**ACTIVITY**
Repeat exactly the lines from the start of the records below through the line that contains "kahve fincanı kenevir çuval üzerinde.", including both.

*** Block opens ***

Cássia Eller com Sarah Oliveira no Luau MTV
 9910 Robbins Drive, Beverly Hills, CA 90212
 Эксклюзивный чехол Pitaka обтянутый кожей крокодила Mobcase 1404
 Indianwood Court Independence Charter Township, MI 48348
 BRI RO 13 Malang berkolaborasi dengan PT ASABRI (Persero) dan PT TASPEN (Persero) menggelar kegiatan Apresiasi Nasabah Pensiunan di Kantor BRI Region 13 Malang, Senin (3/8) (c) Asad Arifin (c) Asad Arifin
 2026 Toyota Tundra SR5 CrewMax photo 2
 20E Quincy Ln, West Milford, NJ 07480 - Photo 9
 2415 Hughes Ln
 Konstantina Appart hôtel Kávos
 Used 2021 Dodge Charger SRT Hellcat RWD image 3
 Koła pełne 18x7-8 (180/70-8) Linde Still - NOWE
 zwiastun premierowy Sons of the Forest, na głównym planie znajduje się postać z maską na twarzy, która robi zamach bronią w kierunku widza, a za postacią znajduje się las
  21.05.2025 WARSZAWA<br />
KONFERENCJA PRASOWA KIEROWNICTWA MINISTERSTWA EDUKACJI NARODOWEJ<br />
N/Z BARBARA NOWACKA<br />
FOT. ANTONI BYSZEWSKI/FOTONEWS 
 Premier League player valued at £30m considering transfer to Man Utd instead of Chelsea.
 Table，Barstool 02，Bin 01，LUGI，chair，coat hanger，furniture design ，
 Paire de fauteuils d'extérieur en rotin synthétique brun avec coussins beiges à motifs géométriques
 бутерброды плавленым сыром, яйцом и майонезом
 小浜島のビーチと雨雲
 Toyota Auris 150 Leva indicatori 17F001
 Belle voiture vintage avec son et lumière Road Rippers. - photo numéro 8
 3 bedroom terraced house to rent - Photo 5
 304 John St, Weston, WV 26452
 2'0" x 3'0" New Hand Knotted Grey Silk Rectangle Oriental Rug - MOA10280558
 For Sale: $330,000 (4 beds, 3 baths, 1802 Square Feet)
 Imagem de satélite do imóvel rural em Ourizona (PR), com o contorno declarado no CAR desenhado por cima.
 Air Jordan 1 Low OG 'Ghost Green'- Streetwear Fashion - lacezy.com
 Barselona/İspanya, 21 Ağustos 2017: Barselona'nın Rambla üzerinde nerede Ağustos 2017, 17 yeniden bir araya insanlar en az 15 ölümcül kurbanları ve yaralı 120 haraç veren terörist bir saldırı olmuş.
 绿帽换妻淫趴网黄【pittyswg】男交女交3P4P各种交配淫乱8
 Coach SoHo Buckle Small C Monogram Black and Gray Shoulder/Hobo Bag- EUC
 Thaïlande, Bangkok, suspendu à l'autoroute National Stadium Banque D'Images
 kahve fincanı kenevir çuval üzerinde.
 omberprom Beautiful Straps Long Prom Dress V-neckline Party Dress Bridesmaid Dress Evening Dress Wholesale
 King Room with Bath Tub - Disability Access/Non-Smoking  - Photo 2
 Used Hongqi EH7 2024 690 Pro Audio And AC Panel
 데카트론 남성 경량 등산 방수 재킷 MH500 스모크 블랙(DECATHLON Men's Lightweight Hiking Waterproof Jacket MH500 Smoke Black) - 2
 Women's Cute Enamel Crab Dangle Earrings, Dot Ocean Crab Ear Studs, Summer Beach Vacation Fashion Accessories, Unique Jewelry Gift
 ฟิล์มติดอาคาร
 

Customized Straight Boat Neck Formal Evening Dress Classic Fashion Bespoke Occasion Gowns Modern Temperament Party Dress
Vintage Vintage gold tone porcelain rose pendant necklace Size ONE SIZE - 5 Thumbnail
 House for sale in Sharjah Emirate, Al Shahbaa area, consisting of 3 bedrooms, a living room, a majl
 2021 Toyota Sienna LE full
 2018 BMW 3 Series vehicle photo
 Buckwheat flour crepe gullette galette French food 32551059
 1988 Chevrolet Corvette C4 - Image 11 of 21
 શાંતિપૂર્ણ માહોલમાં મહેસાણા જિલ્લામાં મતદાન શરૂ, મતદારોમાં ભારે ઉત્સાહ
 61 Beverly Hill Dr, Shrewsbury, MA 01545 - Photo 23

*** Block closes ***

**THE ANSWER**
Cássia Eller com Sarah Oliveira no Luau MTV
 9910 Robbins Drive, Beverly Hills, CA 90212
 Эксклюзивный чехол Pitaka обтянутый кожей крокодила Mobcase 1404
 Indianwood Court Independence Charter Township, MI 48348
 BRI RO 13 Malang berkolaborasi dengan PT ASABRI (Persero) dan PT TASPEN (Persero) menggelar kegiatan Apresiasi Nasabah Pensiunan di Kantor BRI Region 13 Malang, Senin (3/8) (c) Asad Arifin (c) Asad Arifin
 2026 Toyota Tundra SR5 CrewMax photo 2
 20E Quincy Ln, West Milford, NJ 07480 - Photo 9
 2415 Hughes Ln
 Konstantina Appart hôtel Kávos
 Used 2021 Dodge Charger SRT Hellcat RWD image 3
 Koła pełne 18x7-8 (180/70-8) Linde Still - NOWE
 zwiastun premierowy Sons of the Forest, na głównym planie znajduje się postać z maską na twarzy, która robi zamach bronią w kierunku widza, a za postacią znajduje się las
  21.05.2025 WARSZAWA<br />
KONFERENCJA PRASOWA KIEROWNICTWA MINISTERSTWA EDUKACJI NARODOWEJ<br />
N/Z BARBARA NOWACKA<br />
FOT. ANTONI BYSZEWSKI/FOTONEWS 
 Premier League player valued at £30m considering transfer to Man Utd instead of Chelsea.
 Table，Barstool 02，Bin 01，LUGI，chair，coat hanger，furniture design ，
 Paire de fauteuils d'extérieur en rotin synthétique brun avec coussins beiges à motifs géométriques
 бутерброды плавленым сыром, яйцом и майонезом
 小浜島のビーチと雨雲
 Toyota Auris 150 Leva indicatori 17F001
 Belle voiture vintage avec son et lumière Road Rippers. - photo numéro 8
 3 bedroom terraced house to rent - Photo 5
 304 John St, Weston, WV 26452
 2'0" x 3'0" New Hand Knotted Grey Silk Rectangle Oriental Rug - MOA10280558
 For Sale: $330,000 (4 beds, 3 baths, 1802 Square Feet)
 Imagem de satélite do imóvel rural em Ourizona (PR), com o contorno declarado no CAR desenhado por cima.
 Air Jordan 1 Low OG 'Ghost Green'- Streetwear Fashion - lacezy.com
 Barselona/İspanya, 21 Ağustos 2017: Barselona'nın Rambla üzerinde nerede Ağustos 2017, 17 yeniden bir araya insanlar en az 15 ölümcül kurbanları ve yaralı 120 haraç veren terörist bir saldırı olmuş.
 绿帽换妻淫趴网黄【pittyswg】男交女交3P4P各种交配淫乱8
 Coach SoHo Buckle Small C Monogram Black and Gray Shoulder/Hobo Bag- EUC
 Thaïlande, Bangkok, suspendu à l'autoroute National Stadium Banque D'Images
 kahve fincanı kenevir çuval üzerinde.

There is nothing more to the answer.